State v. Moreno

Annotate this Case

92 Ariz. 116 (1962)

374 P.2d 872

The STATE of Arizona, Appellee, v. Dlan Lee MORENO, Appellant.

No. 1212.

Supreme Court of Arizona. En Banc.

September 26, 1962.

*117 Martin S. Rogers, Tucson, for appellant.

Robert Pickrell, Atty. Gen., of Arizona and Harry Ackerman, Pima County Attorney by Manuel H. Garcia, Deputy County Attorney, for appellee.

STRUCKMEYER, Justice.

Appellant, Dian Lee Moreno, wife of Rudolph Moreno, appeals from a conviction and sentence on a charge of possession of a narcotic drug, heroin, a violation of A.R.S. § 36-1002.

On February 17, 1961, appellant and her husband admitted to their apartment a Tucson police officer and a liquor control agent who had a warrant for the arrest of appellant's husband. After appellant's husband was placed under arrest he was questioned as to the whereabouts of a narcotic kit. Appellant was present during the greater part of this questioning and she was also questioned particularly concerning her personal use of narcotics. She admitted to the personal use, but claimed she was not an addict. After sometime appellant's husband was permitted by the arresting officers to engage in a private conversation with his wife and immediately thereafter nodded to a paper towel rack saying, "It is in there". A cardboard tube was removed from the rack and in it was found a plastic bag containing two eye-droppers, one eye-dropper bulb, a plastic needle case with needles in it, and four cotton wads described in the evidence as pledgets.
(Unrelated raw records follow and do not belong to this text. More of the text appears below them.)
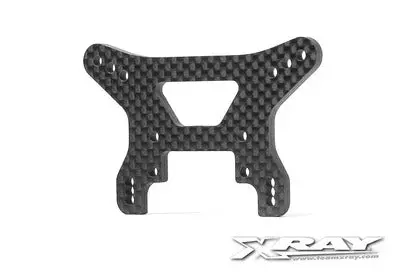 Graphite Shock Tower Front 3.0Mm - V3 --- Replaced With #362083 1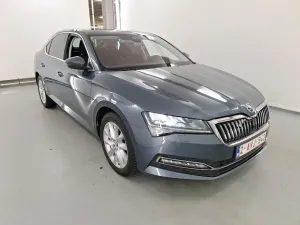 Skoda Superb 2.0 TDI Clever 2021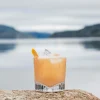Caldera Set de 4 verres à whisky 270Cc - Nude Glass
Charges were filed thereafter against appellant and her husband for joint possession of a narcotic drug. Testimony was developed that a user of narcotics wiped the tip of the hypodermic needle with a cotton wad saving it so that its residue along with others could later be dissolved in water. The resulting solution was used for a "booster" shot and it was not unusual for addicts to do this when they are unable to otherwise get a supply. At the trial after the state rested, defendants moved for a directed verdict of acquittal on the grounds that the evidence was not sufficient to sustain a conviction. This motion was renewed at the conclusion of all the evidence. The state after some argument requested that it be permitted to reopen its case, which request was granted.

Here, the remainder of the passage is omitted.